Gap Filling and Amalgamation

update_historic_data() tries each source in sequence, filling only timestamps still missing:

Binance Vision – primary, from binance.vision
Binance CDD – CryptoDataDownload yearly CSVs
Coinbase – pre-downloaded Coinbase Pro CSVs
Gemini – Gemini exchange CSVs
Bitstamp – Bitstamp exchange CSVs
Crypto Historical Dataset – 1-minute text files
CoinMarketCap – 3-hour data (selected tokens)
st0x – non-crypto assets (selected tokens)
Candles parquet – DeFi tokens via Trading Strategy candles
Aerodrome DEX – on-chain data from Base

At each step the fill function computes the index set difference, concatenates missing rows, sorts, and deduplicates. After all sources, forward_fill_ohlcv_data() produces a gapless series.

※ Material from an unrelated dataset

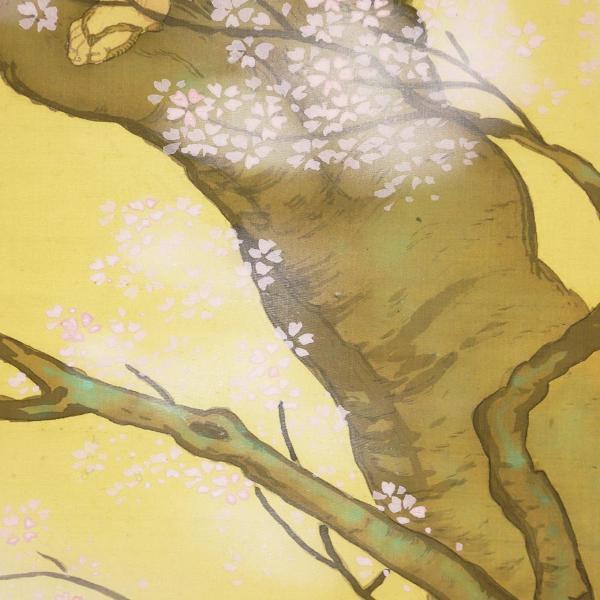 掛軸 絹本 日本画 真作WISH尾竹国観 ◇花咲か爺・桜 〇尾竹三兄弟 文展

The pipeline validates that all consecutive timestamp differences are exactly 60000 ms.

Frequency Conversion

quantammsim.utils.data_processing.minute_daily_conversion_utils provides:

expand_daily_to_minute_data() – reindex daily data to minute frequency via forward-fill.
resample_minute_level_OHLC_data_to_daily() – aggregate minute OHLC into daily candles (first open, max high, min low, last close, summed volume).
calculate_annualised_daily_volatility_from_minute_data() – daily log-return std from minute prices, annualised by \(\sqrt{365.25}\).

quantammsim.utils.data_processing.volume_data_utils provides calculate_daily_volume_from_minute_data(), computing daily token volume as summed dollar volume / daily mean close.